## [Exercise prompt]
In the records below, find the line containing "Magnesium Enriched Deodorant" and the line containing "Prayers Before Studying". Give again exactly those lines and every line between them, omitting the pictures.

## [Material to process]
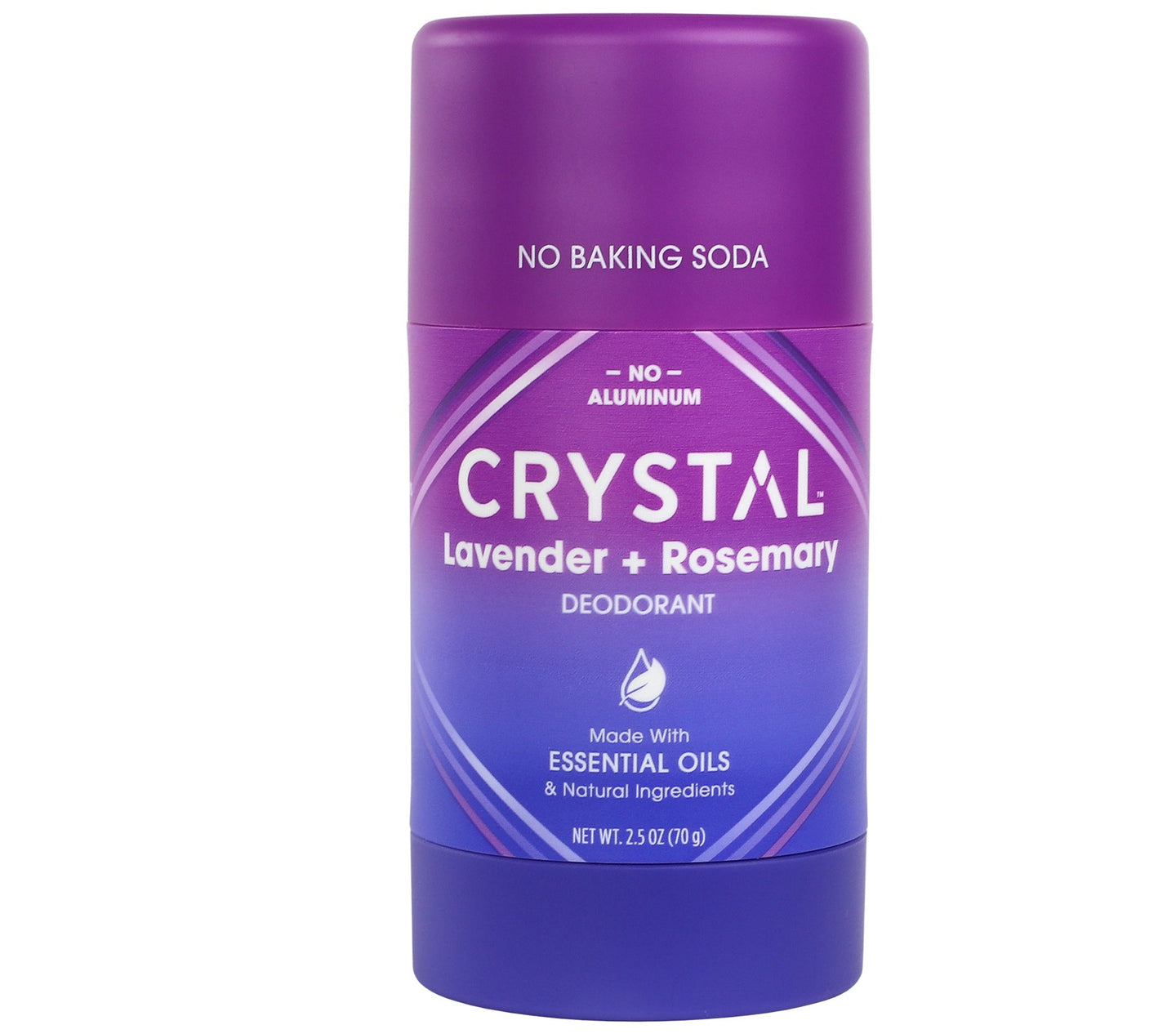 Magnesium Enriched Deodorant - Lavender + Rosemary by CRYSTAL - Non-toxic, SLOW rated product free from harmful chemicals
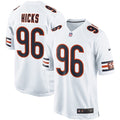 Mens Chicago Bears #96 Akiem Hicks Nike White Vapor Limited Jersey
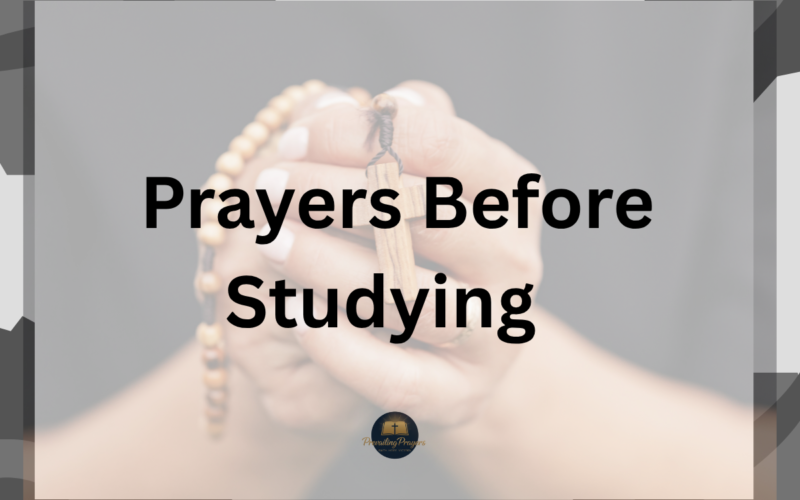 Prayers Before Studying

* * *

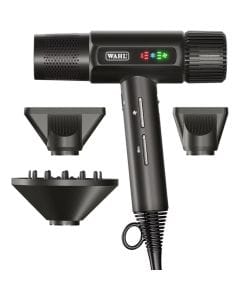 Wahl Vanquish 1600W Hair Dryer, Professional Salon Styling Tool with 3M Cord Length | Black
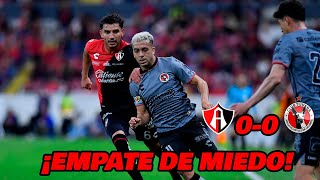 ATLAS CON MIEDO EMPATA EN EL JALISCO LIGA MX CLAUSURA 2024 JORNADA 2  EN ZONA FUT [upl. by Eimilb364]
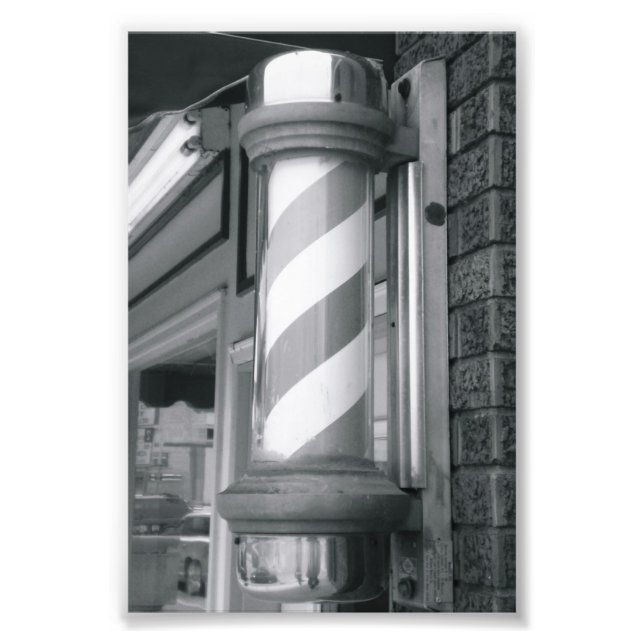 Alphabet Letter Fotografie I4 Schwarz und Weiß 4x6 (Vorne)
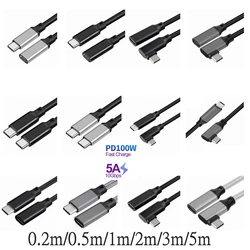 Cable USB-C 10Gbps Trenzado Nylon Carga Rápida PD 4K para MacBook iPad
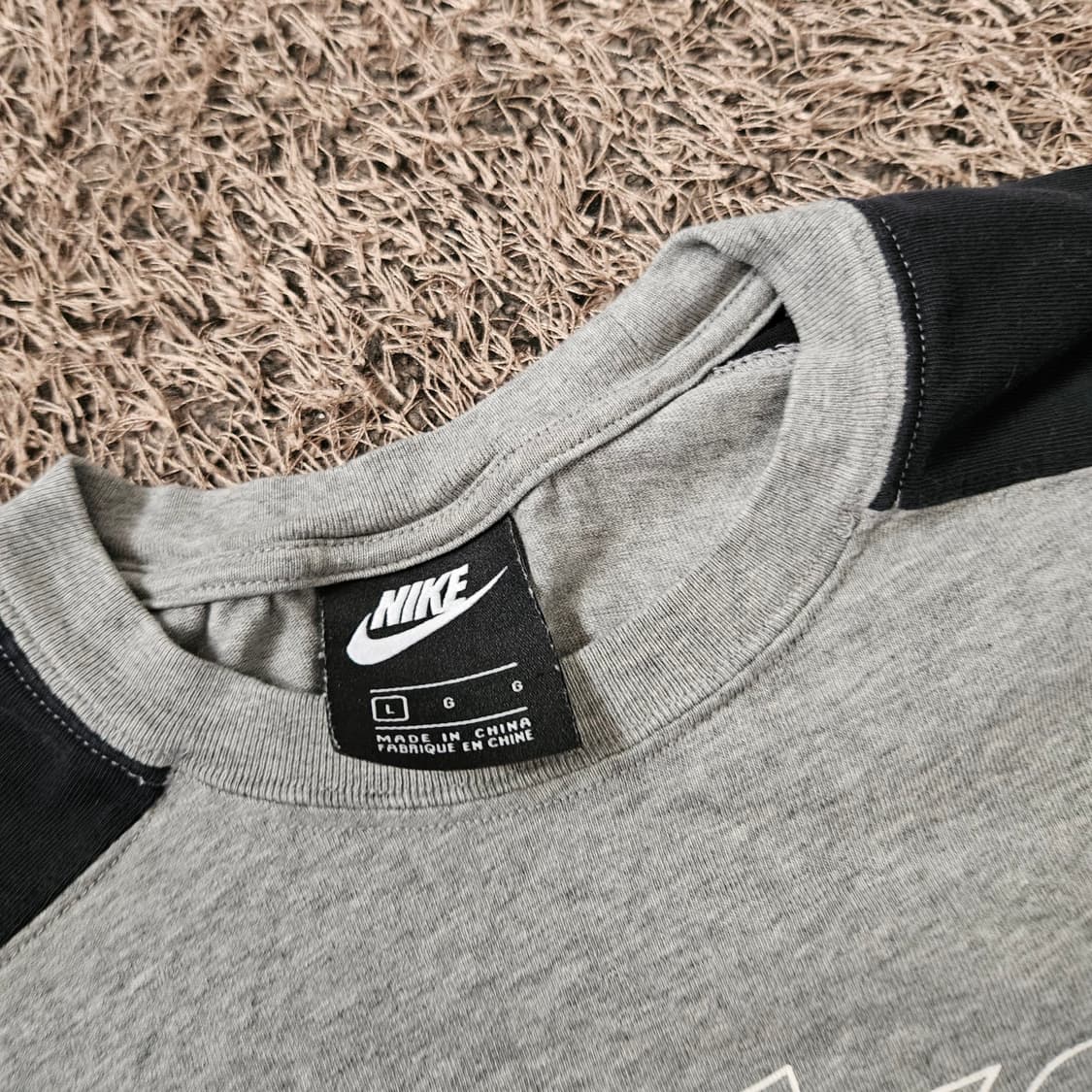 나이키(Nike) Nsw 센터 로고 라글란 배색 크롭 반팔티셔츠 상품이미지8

## [Written reply]
 Magnesium Enriched Deodorant - Lavender + Rosemary by CRYSTAL - Non-toxic, SLOW rated product free from harmful chemicals
 Mens Chicago Bears #96 Akiem Hicks Nike White Vapor Limited Jersey
 Prayers Before Studying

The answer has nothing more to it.